Below are entries with pictures among them; reproduce exactly, and only, the lines from the one containing "Used 2014 Kia Sedona LX FWD image 24" down to the one containing "VINTAGE WINE RACK", without the pictures.

Crawled caption data
☆ ☆ ☆ ☆ ☆
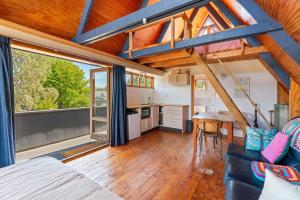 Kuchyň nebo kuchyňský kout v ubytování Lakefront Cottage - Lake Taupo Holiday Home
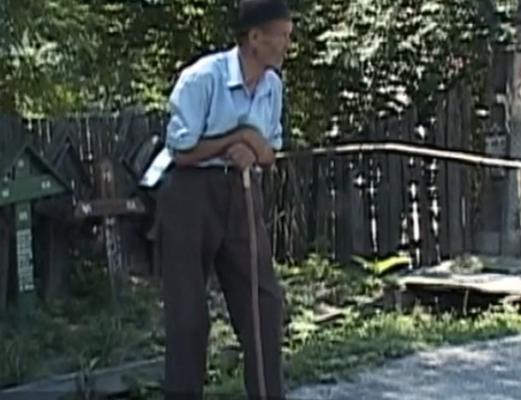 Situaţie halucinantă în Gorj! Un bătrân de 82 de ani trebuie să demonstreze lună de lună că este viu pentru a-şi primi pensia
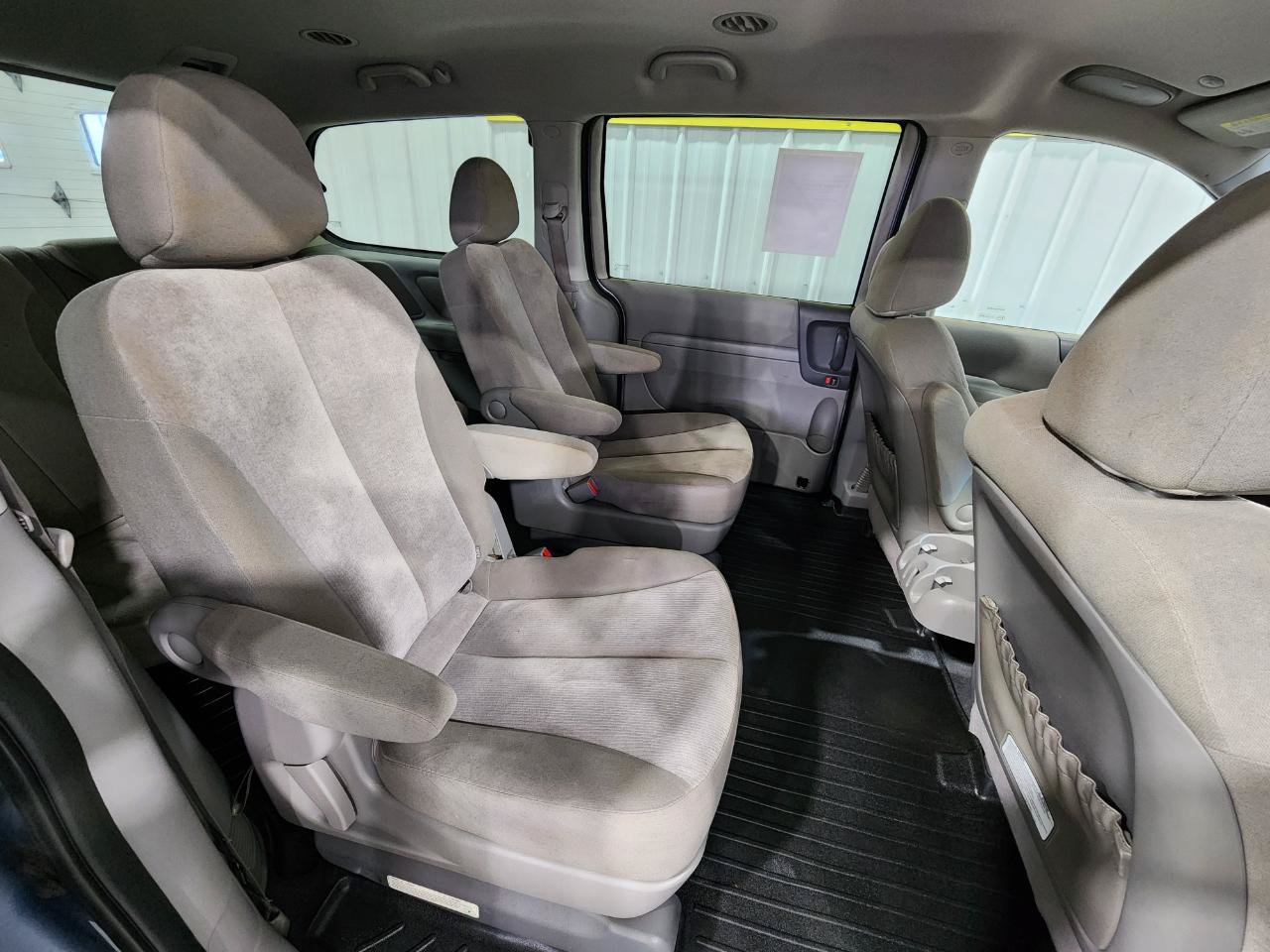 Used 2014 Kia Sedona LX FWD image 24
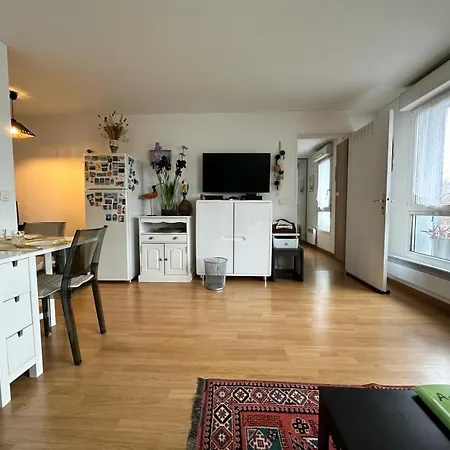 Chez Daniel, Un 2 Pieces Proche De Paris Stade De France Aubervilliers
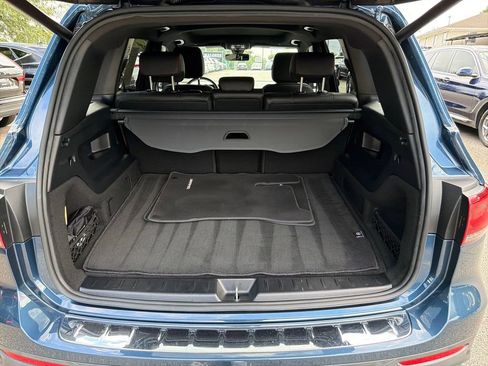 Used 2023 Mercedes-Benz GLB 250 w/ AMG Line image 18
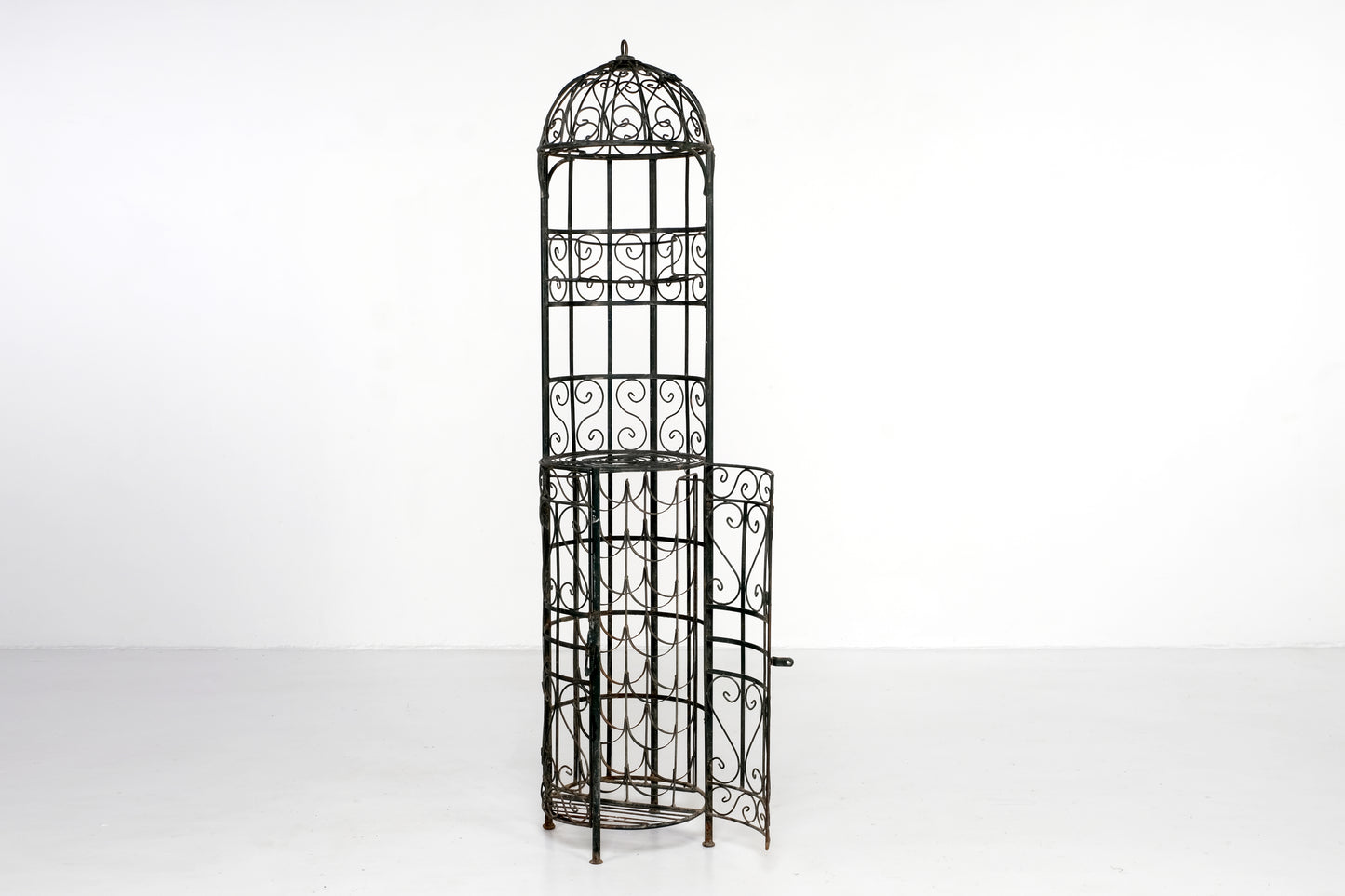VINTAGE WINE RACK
☆ ☆ ☆ ☆ ☆
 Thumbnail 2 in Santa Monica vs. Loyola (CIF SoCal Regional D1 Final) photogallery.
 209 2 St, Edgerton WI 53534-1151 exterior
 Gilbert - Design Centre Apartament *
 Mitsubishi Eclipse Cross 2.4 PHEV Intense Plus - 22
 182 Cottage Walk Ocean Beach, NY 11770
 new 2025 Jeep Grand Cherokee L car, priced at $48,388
☆ ☆ ☆ ☆ ☆
## Task response
 Used 2014 Kia Sedona LX FWD image 24
 Chez Daniel, Un 2 Pieces Proche De Paris Stade De France Aubervilliers
 Used 2023 Mercedes-Benz GLB 250 w/ AMG Line image 18
VINTAGE WINE RACK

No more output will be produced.